EXTRACTED MATERIAL:
=== Section Start ===

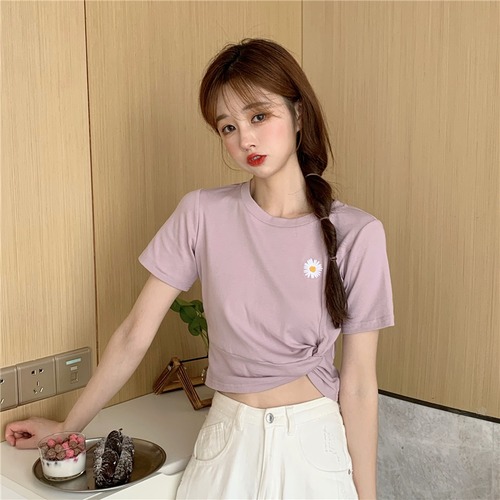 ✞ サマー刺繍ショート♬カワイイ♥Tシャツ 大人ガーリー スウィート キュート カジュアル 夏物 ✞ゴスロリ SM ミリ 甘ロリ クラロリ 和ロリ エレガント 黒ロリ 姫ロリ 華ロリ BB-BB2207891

=== Section End ===
=== Section Start ===

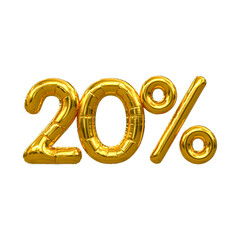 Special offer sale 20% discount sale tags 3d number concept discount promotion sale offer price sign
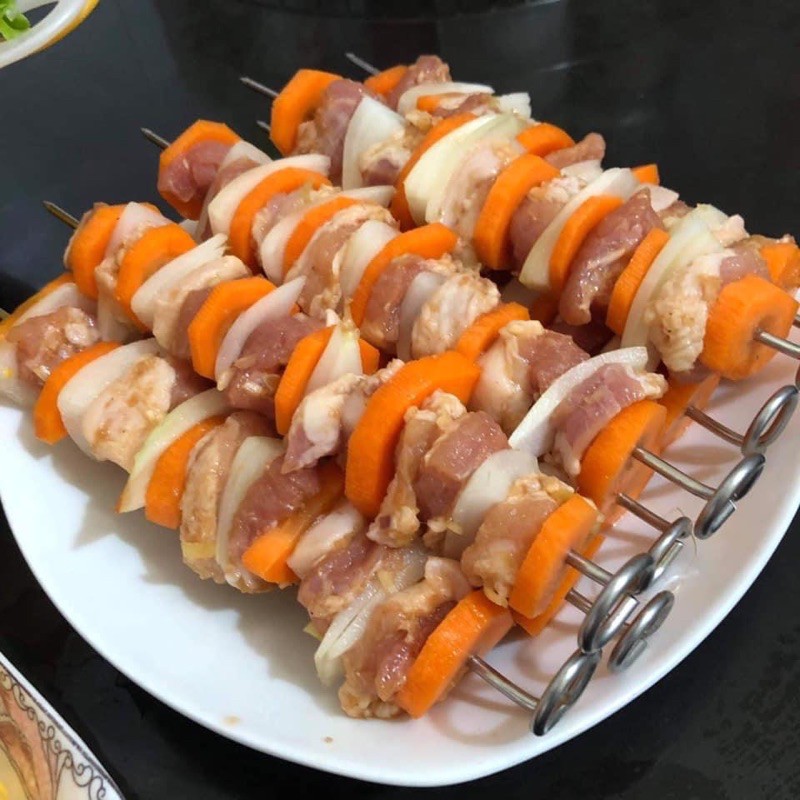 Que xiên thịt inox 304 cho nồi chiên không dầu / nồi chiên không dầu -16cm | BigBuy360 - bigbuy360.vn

=== Section End ===

TRY IT: The stretch to restate runs from the line above containing "Special offer sale" through the line containing "Que xiên thịt". Copy it word for word, ends included, without pictures.

EXERCISE SOLUTION:
 Special offer sale 20% discount sale tags 3d number concept discount promotion sale offer price sign
 Que xiên thịt inox 304 cho nồi chiên không dầu / nồi chiên không dầu -16cm | BigBuy360 - bigbuy360.vn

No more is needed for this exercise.